Eine Ahnung, ihr Name könne in diesem Zusammenhang gleich vor ihren Augen auftauchen, jagt ihr den Herzschlag hoch, und unter der dünnen Haut ihres Handgelenks sieht sie es heftig pulsieren. Wie eine Übelkeit, die sich nicht länger unterdrücken lässt, windet sich die uneingestandene Befürchtung, sie könne die Ursache für das Auseinanderbrechen dieser Verbindung gewesen sein, durch ihren Leib bis in ihr Bewusstsein. Käthe wirft einen raschen Blick zur Tür, aber da ist niemand, der ihr verwehren könnte, sich über Schuld oder Unschuld endgültig Klarheit zu verschaffen.

Von Anfang an war sie dagegen gewesen, diese Verlobung wie ein rauschendes Fest zu begehen, mit Tanz und Musik, die durch alle Ritzen nach draußen dringen bis vor die Ohren der Nachbarn, sodass alle Welt Bescheid weiß. Als nach geraumer Zeit keine Hochzeit folgte, hatten die Nachfragen angefangen, und natürlich fragte man nicht Trude, sondern sie. Gab es etwas Unangenehmeres?

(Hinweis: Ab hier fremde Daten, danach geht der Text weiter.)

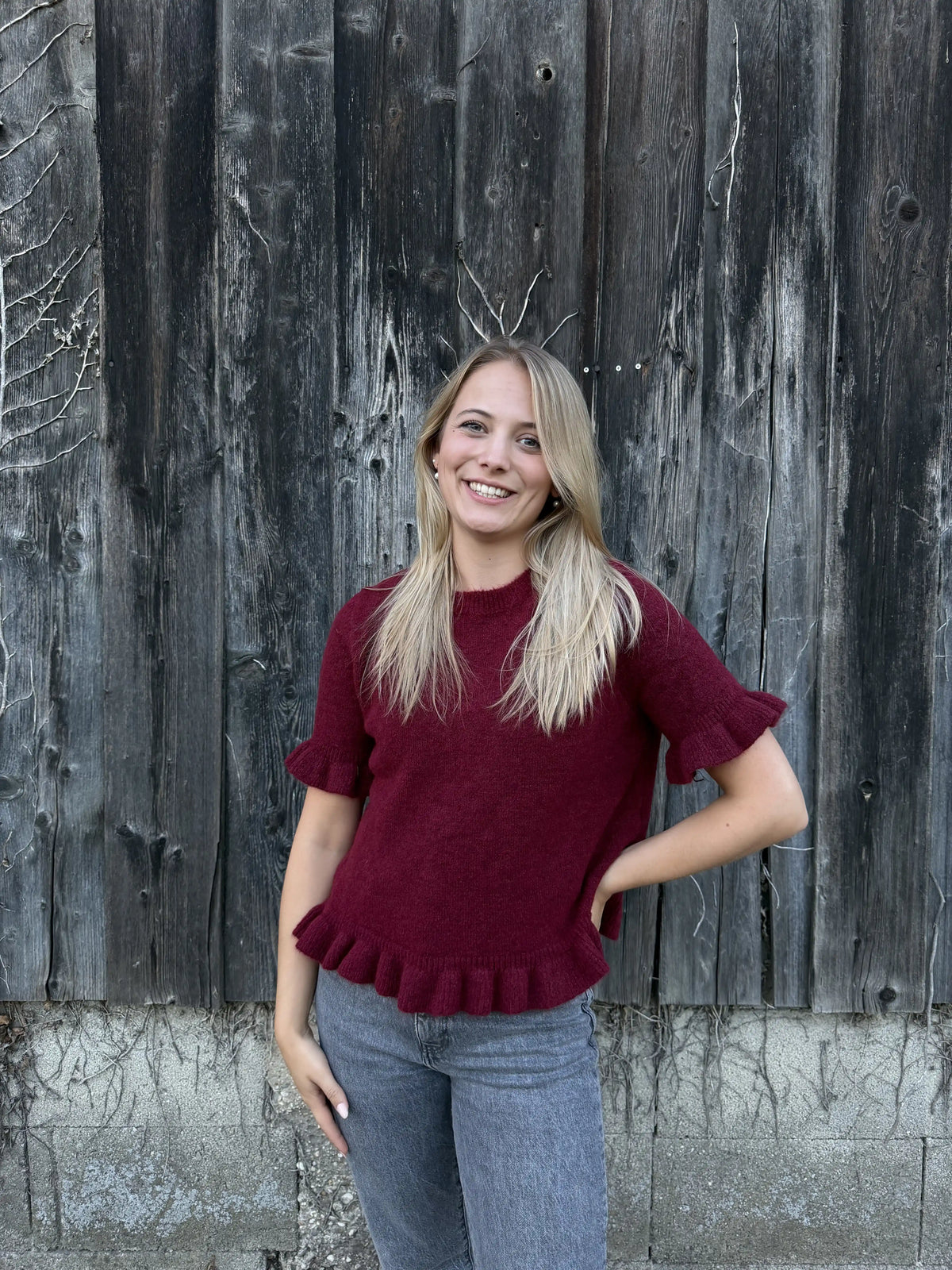 Strickshirt "Ruffle Knit" Weinrot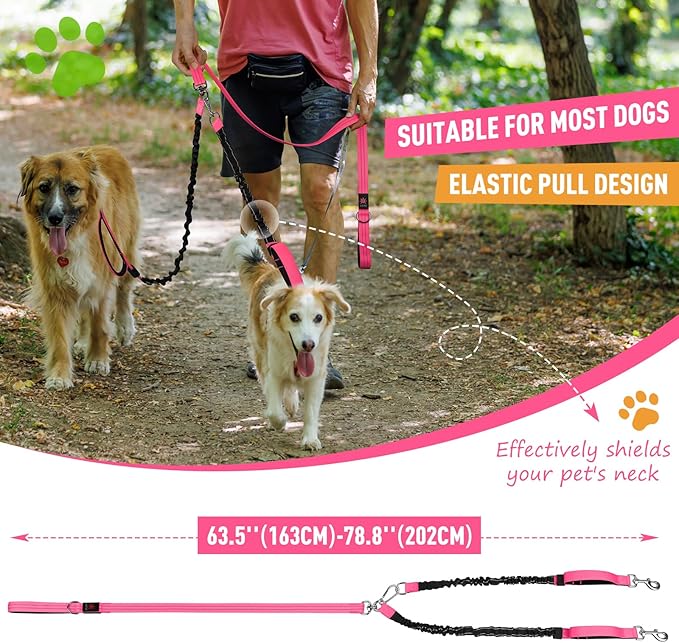 LED Double Dog Leash, 360° Swivel Dual Dog Walking Leash, Comfortable Shock Absorbing Lead for Dog, Reflective Removable Bungee for Two Dogs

»Gründe?«, hatte Käthe sich rauszureden versucht. »Welche Gründe mag es für eine Entlobung schon geben? Man kann ja nicht in den Kopf der Kinder sehen.«

Zögernd entfaltet sie jetzt das Blatt und liest mit angehaltenem Atem:

Liebste Trude, immer wieder stelle ich mir die Frage, was ich wohl verbrochen habe, dass Du so zu mir bist.

Den Vorwurf Deiner Mutter, in Dir die gefunden zu haben, die ich nur knebeln, kommandieren und befehlen wollte, die ich nur hätte, um an Dir meinen Mut auszulassen, den ich durch mein Schweigenmüssen in meinem Elternhaus aufgespeichert hätte, erkenne ich nicht an.

Eine Hitzewelle, heißer als alle in den zurückliegenden schwierigen Wechseljahren, steigt ihr in den Kopf, umgehend bahnt sich ein dünnes Rinnsal seinen Weg zwischen ihren Schulterblättern und dem festsitzenden Korsett den ganzen Rücken herunter. Diese Mutter ist sie. Sollte sie das wahrhaftig gesagt haben? Welcher Teufel hatte sie geritten? Gab es einen handfesten Vorfall, der sie so hatte reden lassen? Jeder anderen Frau hätte sie vorgeworfen, dass sich solche verleumderischen Worte mit allgemein-mütterlicher Sorge ja wohl kaum entschuldigen lassen. Woher sollte sie überhaupt die Einsichten in die Verhältnisse im Hause Dunkel bekommen haben, um sie derart beurteilen, schlimmer noch, verurteilen zu können? Hat sie sich da einfach was zusammenfantasiert? Ist es am Ende gar nicht darum gegangen, ob dieser Rudi der Richtige war, sondern vielmehr darum, dass sie ausgerechnet diese Tochter, ihr sanftes, fröhliches Trudchen mit der kugelrunden Nase im lieben Gesicht, nicht hergeben wollte?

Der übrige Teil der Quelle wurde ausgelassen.